Under the House bill, employees would no longer be able to take advantage of them on a pretax basis. The benefits would become fully taxable to employees.
On the other hand, the Senate bill would:
- Eliminate the exclusion for moving expenses, except for certain members of the Armed Forces;
- Permit certain employee awards (e.g., cash, cash equivalents and gift cards) to be claimed as a business deduction for non-tangible personal property; and
- Eliminate the income exclusion for qualified bicycle commuting expenses of up to $20 per month during which the employee regularly uses the bicycle for a substantial portion of travel between home and work.
Stocks and Stock Options
Under a new § 83(i) of the Internal Revenue Code, both the House and Senate versions of the bill would permit private company stock options to be deferred from inclusion in federal income taxable wages subject to withholding and create new employer reporting requirements. In addition, restricted stock options would not be eligible for the current § 83(b) election.
EITC Quarterly Wage Reporting
The House bill would require employers to complete and file a quarterly report of each employee's wages to prevent fraudulent employee claims for the Earned Income Tax Credit (EITC).
Qualified Retirement Plans
The House version of the bill also makes changes to the provision affecting qualified (i.e., tax-favored) retirement plans, including the age for in-service distributions, hardship distributions and withdrawals and the nondiscrimination rules. Both the House and Senate versions of the bill make changes affecting plan loan offsets.
Business Expense Deductions and Credits
An employer would no longer be able to take a business expense deduction for the cost of providing certain fringe benefits (e.g., athletic and eating facilities, entertainment expenses and certain transportation fringe benefits) to employees under certain circumstances under both versions of the bill. There are differences between the two bills.

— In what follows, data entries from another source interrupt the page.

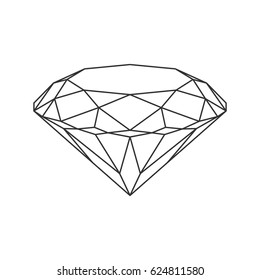 Diamant-Symbol. Vektorgrafik. Kristallzeichen. Brillanter Stein. Schwarzer Strich einzeln auf weißem Hintergrund. 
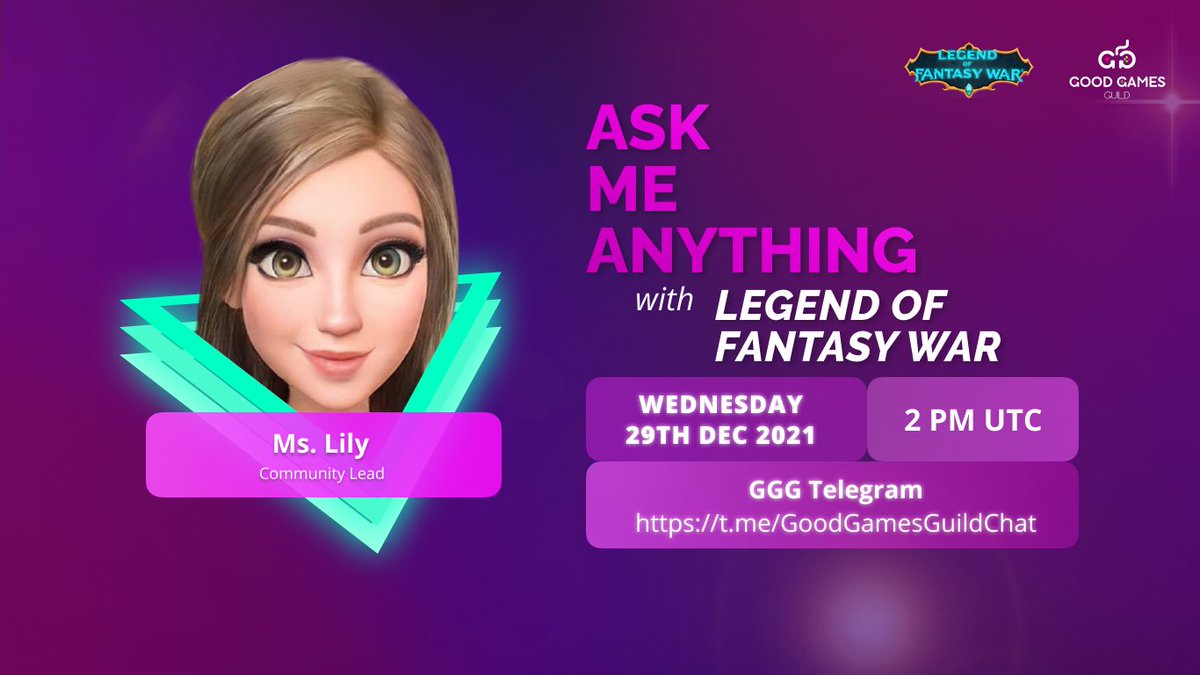 goodgamesguild's tweet photo. Good Games Guild will be conducting an #AMA with @Legend_LFW.

🔸Pool Rewards: $500 in LFW Token (Gleam and Live Questions)🥳
🔸Place: https://t.co/cvsWP0JcDd
🔸Time: Dec 29th at 2 PM UTC

How to join?
-Go to this Link 👉 https://t.co/792O9WqkiQ
-Done all tasks! is a MUST https://t.co/pnZSdFg0x6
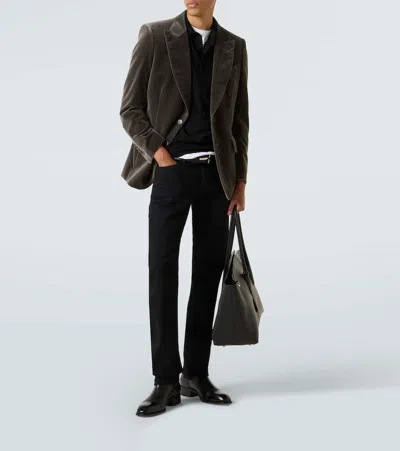 Tom Ford Black Short-sleeves Polo In Cotton Piquet Jersey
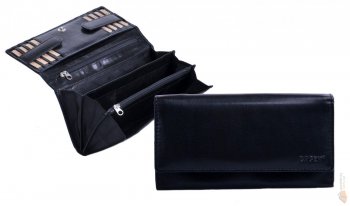 Lagen Dámská černá kožená peněženka dlouhá V-40 černá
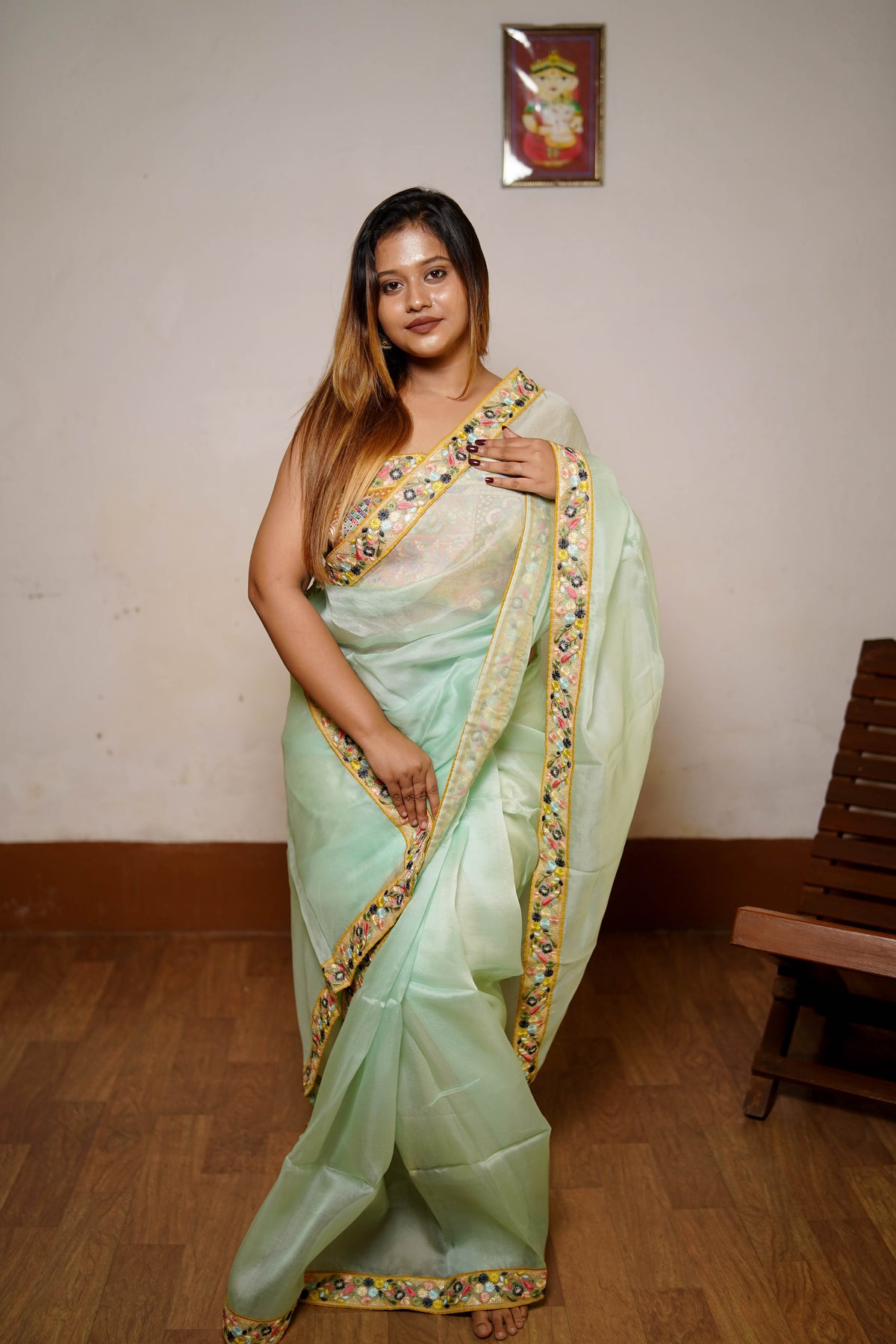 Celadon Bloom Embellished Saree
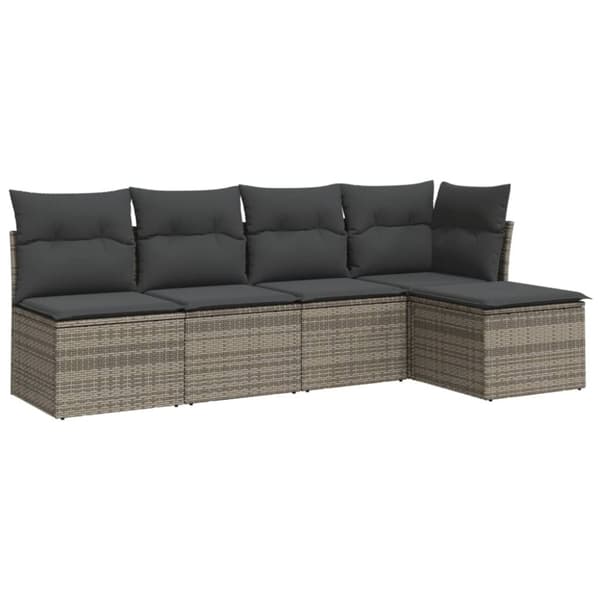 vidaXL sofasæt 5 dele med hynder polyrattan grå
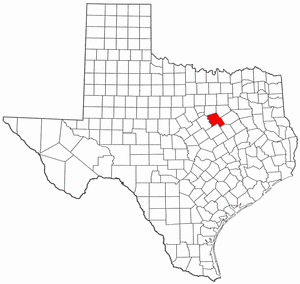 Texas Map showing Hill County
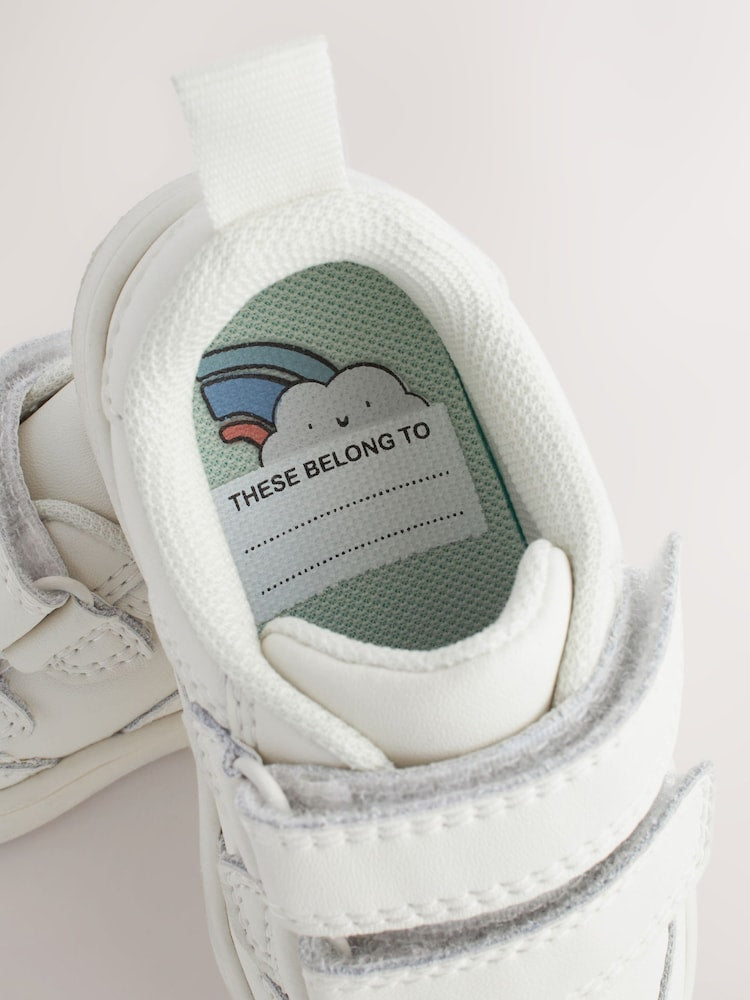 White Standard Fit (F) Touch Fastening Leather First Walker Baby Shoes - Size EU 19 (UK 3)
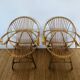 Pair of 1970s rattan shell chairs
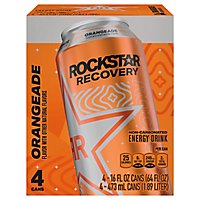 Rockstar Recovery Energy Drink Orange Can 4 Pack - 64 FZ - Image 3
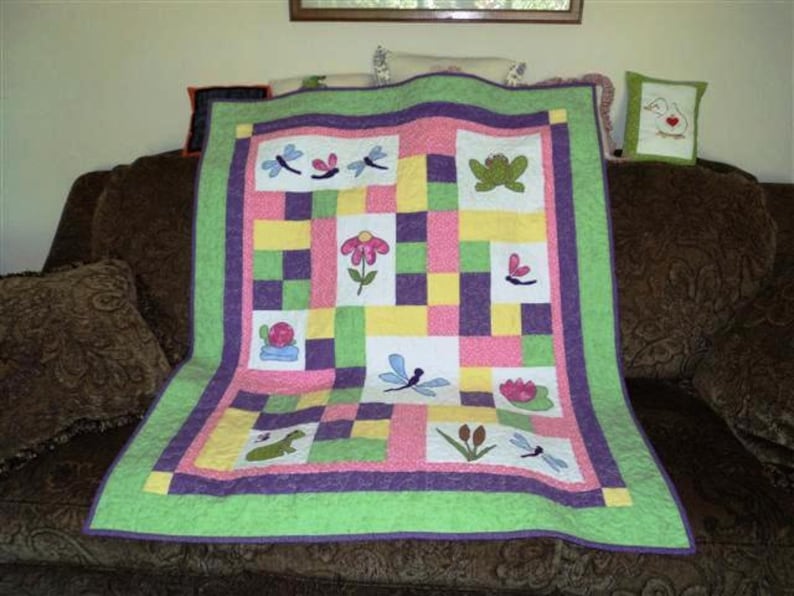 PATTERN PDF Baby Quilt child throw quilt frog dragonfly boy girl image 5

Executive compensation related business deduction limits (e.g., for certain commissions and performance-based compensation) are also affected by both versions.
In addition, certain business tax credits (e.g., Work Opportunity Tax Credit, employer-provided childcare credit, credit for Social Security taxes on tips, credit for paid leave for employees on Family and Medical Leave Act leave) are either eliminated or otherwise affected by either version of the two bills.